MEB`in örgün eğitim istatistikleri
Bulgurcu açıklamasının devamında ise MEB’in 2013-2014 örgün eğitim istatistiklerine de değindi. “Eğitimde 4+4+4 dayatmasının yıkıcı sonuçlarını bütün açıklığıyla göstermektedir” diyen Bulgurcu; “Milli Eğitim Bakanlığı’nın 2013-2014 Örgün Eğitim İstatistiklerini tek başına 4+4+4 sonrasında okullarda yaşanan ve giderek derinleşen sorunlardan, acil çözüm bekleyen okula başlama yaşına ilişkin sorunlar, kalabalık sınıflar, okullarda yeterli altyapının olmaması, fiziki donanım eksiklikleri, anadilinde eğitimin olmaması nedeniyle yaşanan sorunlardan bağımsız ve ayrı değerlendirmek mümkün değildir.
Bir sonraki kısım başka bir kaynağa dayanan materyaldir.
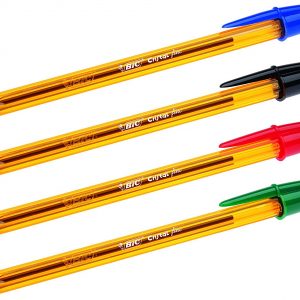 Paquet de 4 stylos à bille cristal original pointe fine (0,8 mm), Couleurs Assorties - BIC – Image 2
Eğitimde 4+4+4 dayatmasının uygulanmaya başlanmasından bu yana okullarda en çok gözlenen sorunlar; 72 ay öncesi çocukların hala okula uyum sağlayamamaları, okula giriş çıkış saatleri, velilerden para toplama uygulamalarının yaygınlığı, temizlik sorunu, imam hatiplerle ortak binaları paylaşan okullarda öğrencilere yönelik çeşitli baskılar eğitim gündeminde ön sıralardaki yerini korumaktadır. Özellikle son 12 yıl içinde, eğitimin büyük ölçüde paralı hale getirilmesine paralel olarak, eğitimde dini inançların istismarı ve dinsel sömürüye kaynaklık eden kimi uygulama ve söylemlerin yaygınlaşması 4+4+4 düzenlemesinin diğer bir dikkat çekici yönünü oluşturmaktadır. AKP iktidarının eğitim sisteminde yaşanan değişiklikler üzerinden bugüne kadar ortaya koyduğu pratik, her türden dini inancı istismar ederek, çocuklarımızı ve toplumu “tek din, tek mezhep” anlayışı üzerinden “tek tip” hale getirmeye çalışıp, sürekli yeni kamplaşmalar yaratarak iktidarını sürdürmektir.
Zorunlu din dersleri uygulamasına ek olarak, 4+4+4 ile zorunlu seçmeli derlerin getirilmesi ve buna bağlı olarak eğitim müfredatında din derslerinin ağırlığının arttırılması, okullarda ibadet yerlerinin açılmak istenmesi gibi girişimler, eğitim sistemini dört bir yandan kuşatmış ve eğitimde yaşanan en temel soruların üzerini örten, bu anlamda iktidarın işini oldukça kolaylaştıran bir işlev görmeyi sürdürmektedir. Gerek 4+4+4 düzenlemesi ile eğitim sistemini kendi siyasal çizgisinde biçimlendirmek isteyen AKP iktidarı gerekse, eğitim biliminin en temel ilkelerini çiğneyerek 4+4+4 dayatmasını bütün eleştirilerek kulaklarını tıkayarak hayata geçiren Milli Eğitim Bakanlığı eğitimdeki kaosun ve mevcut karanlık tablonun baş sorumlularıdır. Milli Eğitim Bakanlığı, tüm topluma ve öğrencilerimize böylesi bir kötülüğü yapmaktan vazgeçmeli, zaman geçirmeden eğitimde 4+4+4 dayatmasından vazgeçmelidir. Eğitim Sen, çocuk ve gençlerimizin geleceğinin karartılmasına yönelik her girişim karşısında mücadelesini kesintisiz olarak sürdürmeye kararlıdır” şeklinde konuştu.